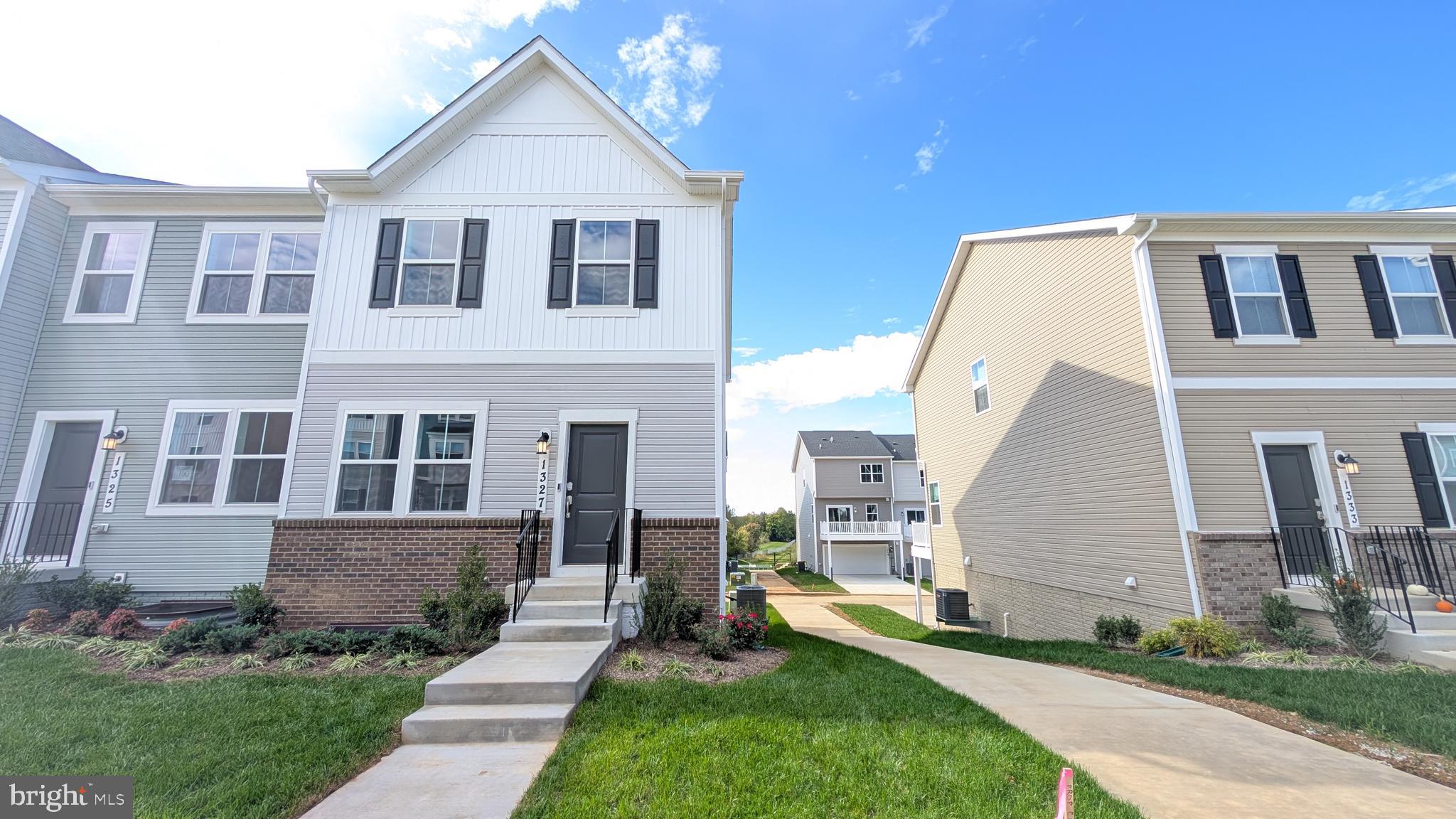 RED CLOVER MEADOWS - Residential Lease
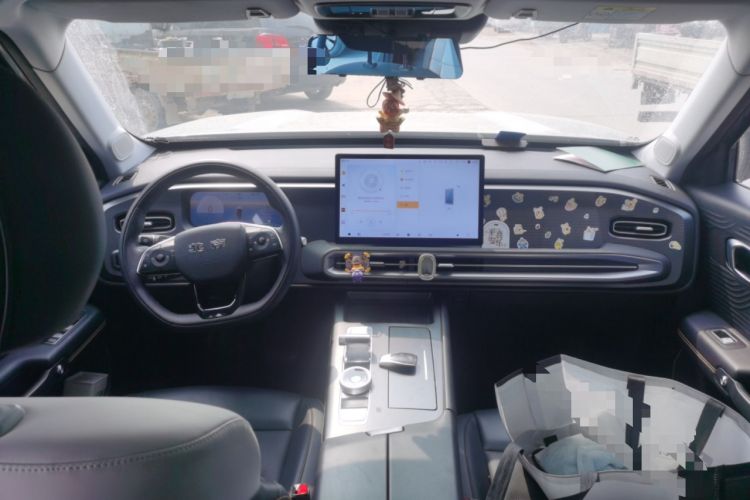 Used BAIC Off-Road BJ30 2024 1.5T Magic Electric Drive Advanced Version Interior 2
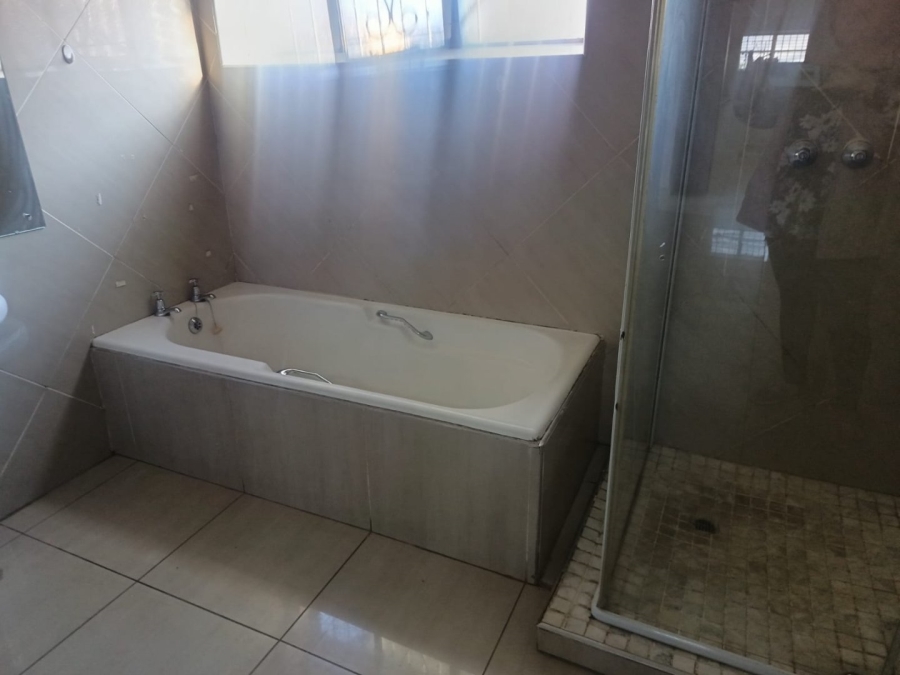 3 Bedroom Property for Sale in Beaconsfield Northern Cape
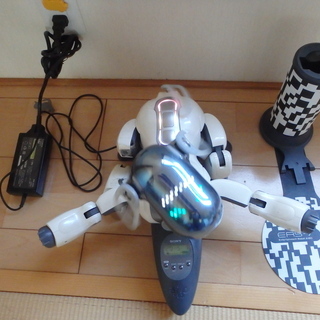 SONY aibo ERS-7 （箱付き・右足破損）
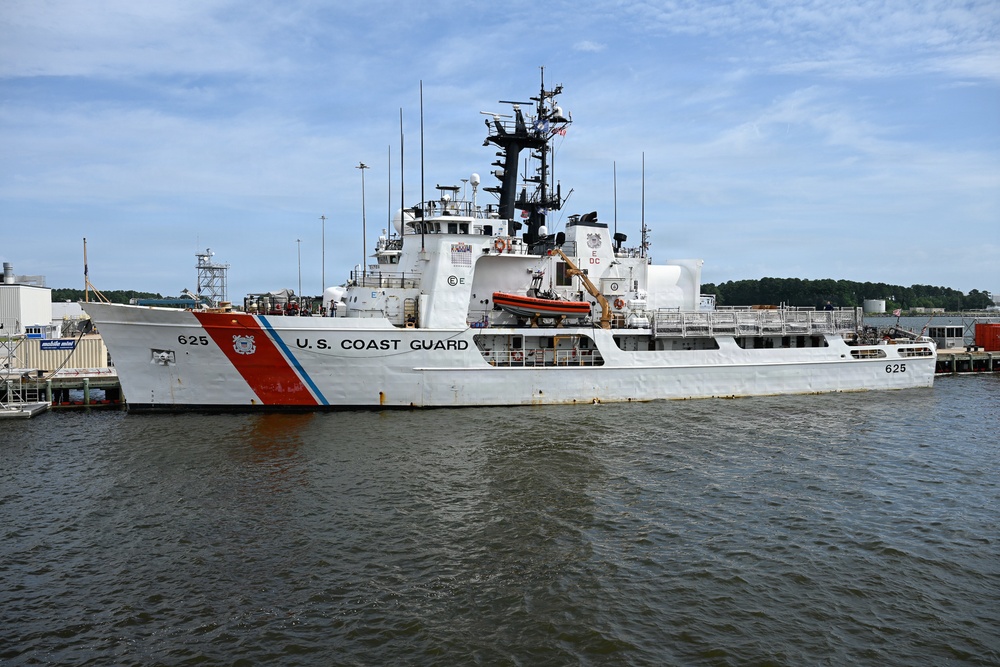 Coast Guard welcomes two cutters to new Virginia homeport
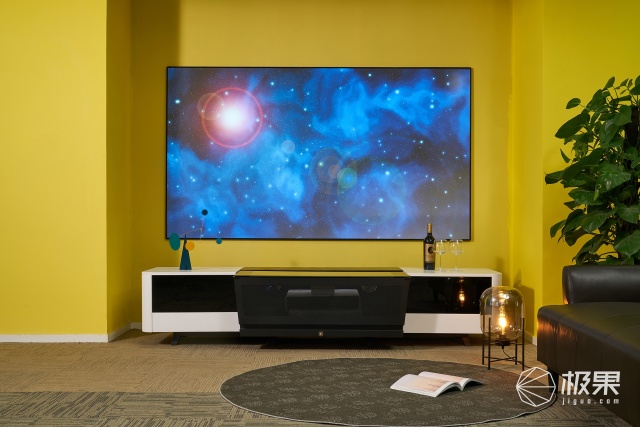 真正的无边框全屏电视机,超薄屏幕无边框电视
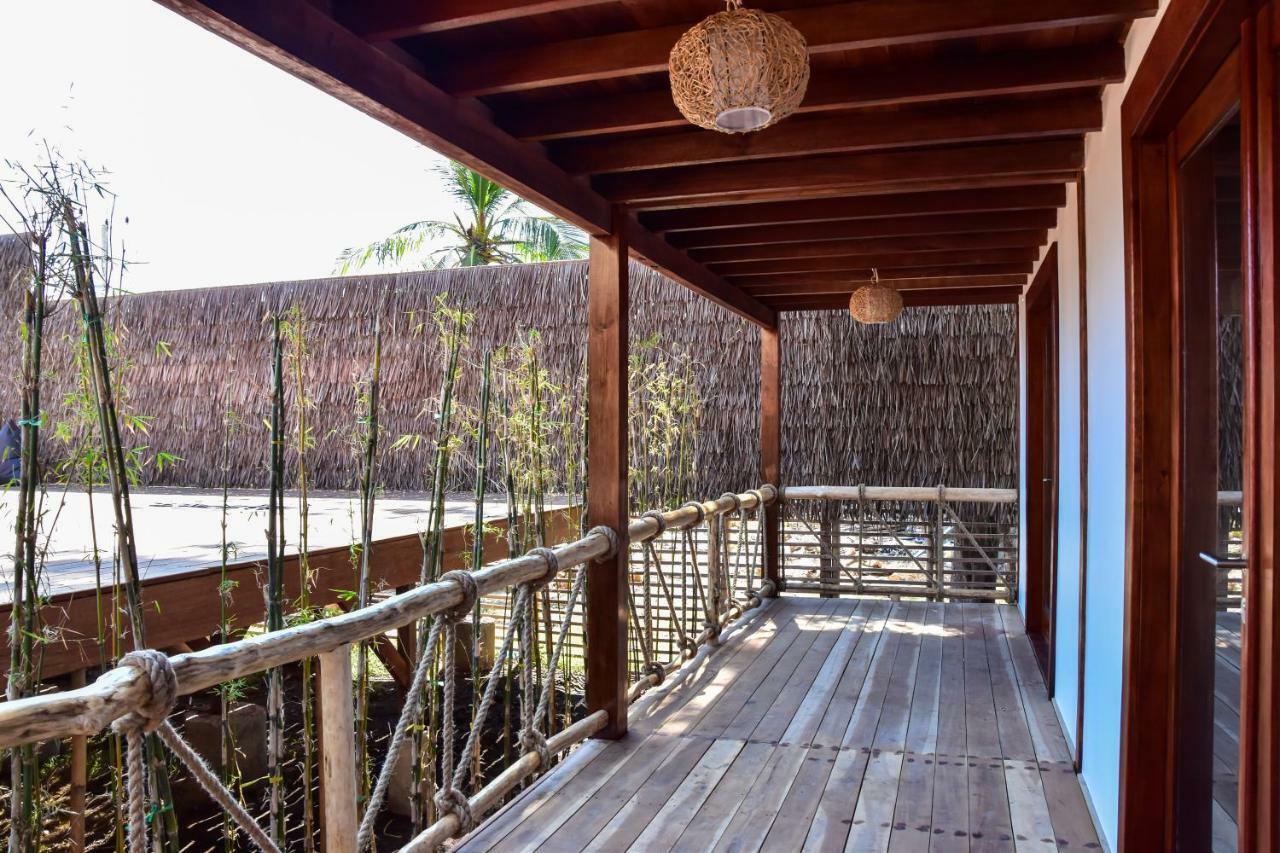 Mad Monkey Gili Trawangan Hostel Luaran gambar A corridor at the hotel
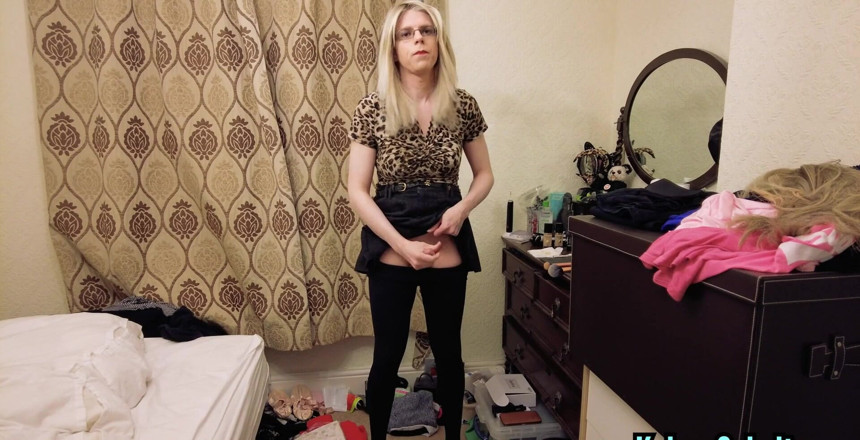 KelseyCobalt: Mi sono arrapato indossando i miei collant opachi in camera...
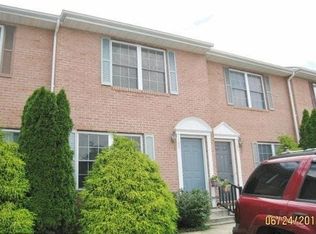 105 Douglas Ave #105, Martinsburg, WV 25404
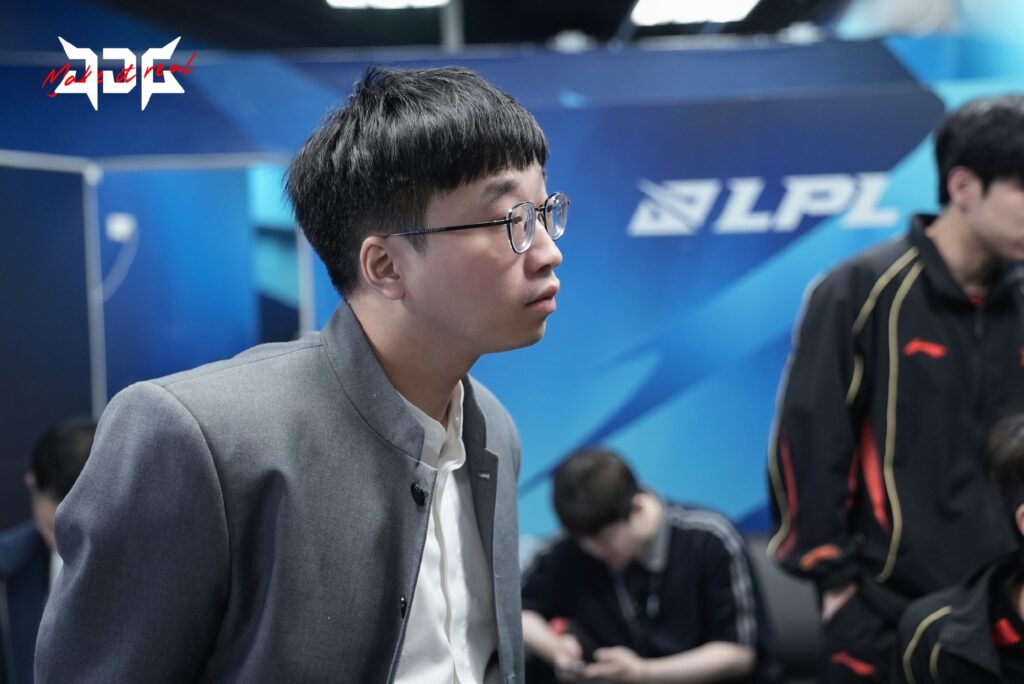 Các đại diện LPL được xác định cho CKTG 2026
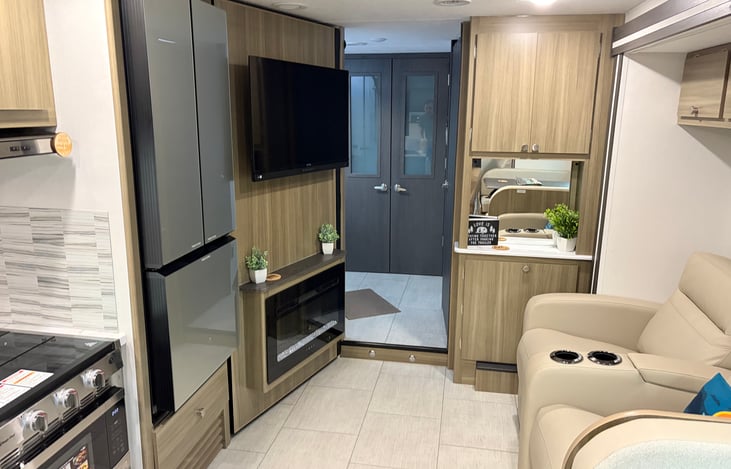 Rear king bedroom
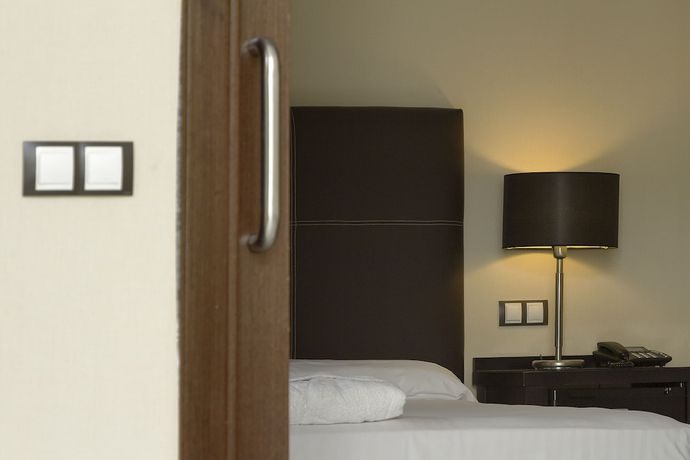 Imagen de la habitación del Hotel Balneario Carlos III. Foto 11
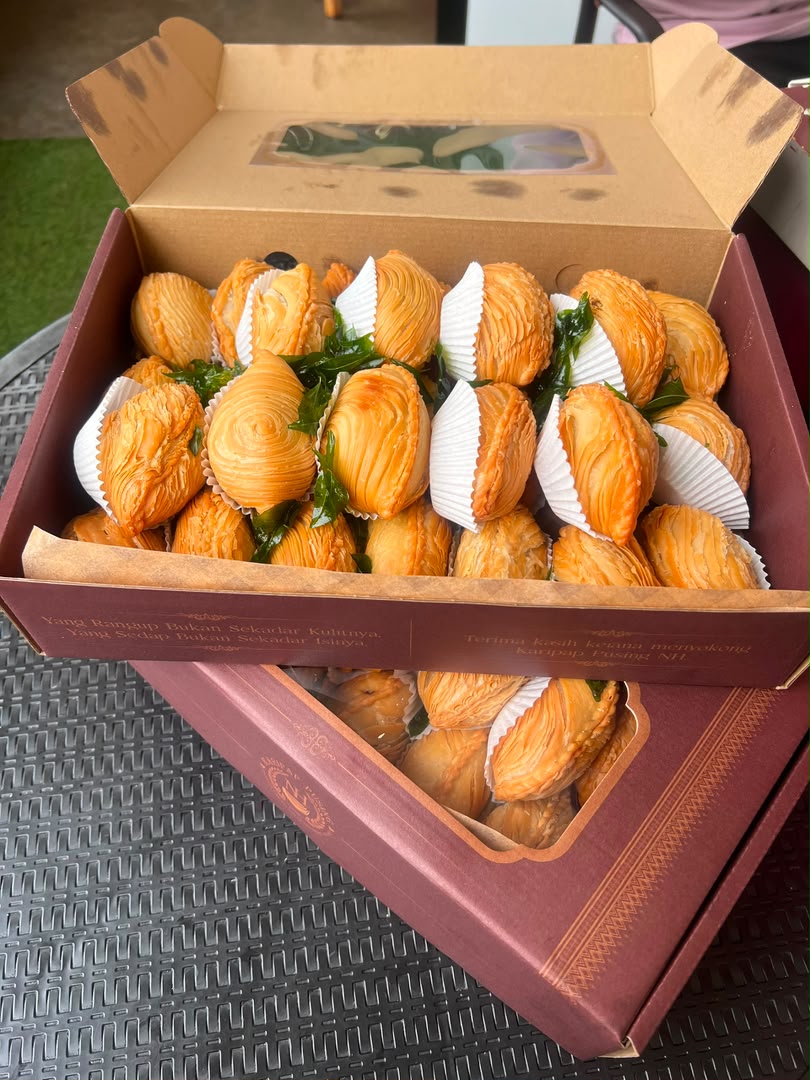 Premium Ready-to-Eat Box (30 Pieces)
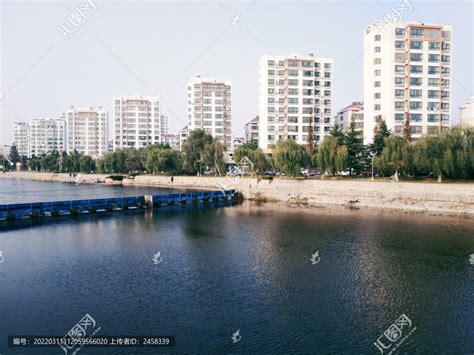 河边石桥与居民住宅建筑群高清图片下载_红动中国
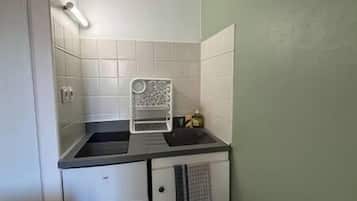 Kühlschrank, Mikrowelle, Wasserkocher mit Kaffee-/Teezubehör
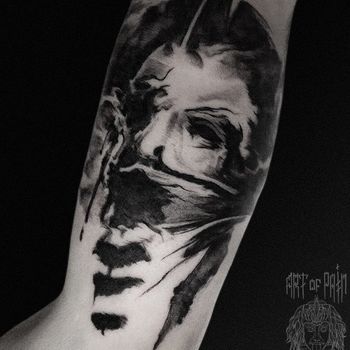 Татуировка мужская хоррор на руке девушка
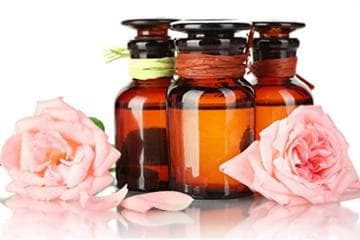精油涂抹后需要清洗吗？皮肤会自行吸收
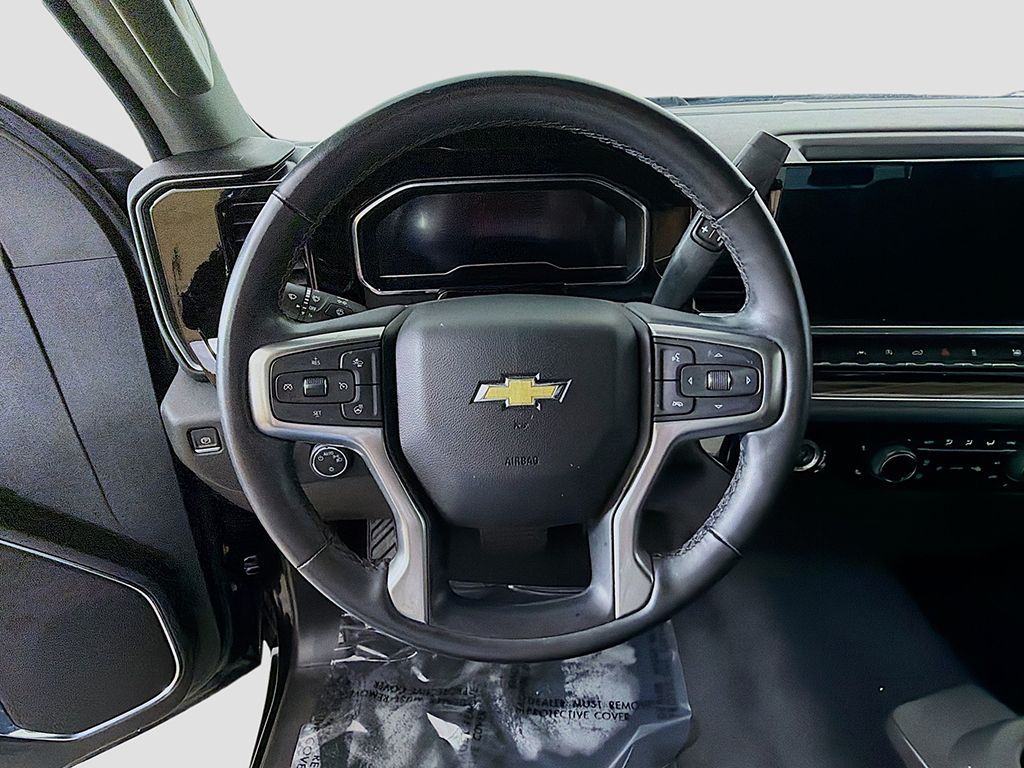 Used 2023 Black Chevrolet LT image 30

********************

*WHAT IS EXPECTED:*
The lines from the one with "Coast Guard welcomes" to the end of the data above should be retyped exactly, both ends included, and pictures are to be left out.

*RESULT:*
 Coast Guard welcomes two cutters to new Virginia homeport
 真正的无边框全屏电视机,超薄屏幕无边框电视
 Mad Monkey Gili Trawangan Hostel Luaran gambar A corridor at the hotel
 KelseyCobalt: Mi sono arrapato indossando i miei collant opachi in camera...
 105 Douglas Ave #105, Martinsburg, WV 25404
 Các đại diện LPL được xác định cho CKTG 2026
 Rear king bedroom
 Imagen de la habitación del Hotel Balneario Carlos III. Foto 11
 Premium Ready-to-Eat Box (30 Pieces)
 河边石桥与居民住宅建筑群高清图片下载_红动中国
 Kühlschrank, Mikrowelle, Wasserkocher mit Kaffee-/Teezubehör
 Татуировка мужская хоррор на руке девушка
精油涂抹后需要清洗吗？皮肤会自行吸收
 Used 2023 Black Chevrolet LT image 30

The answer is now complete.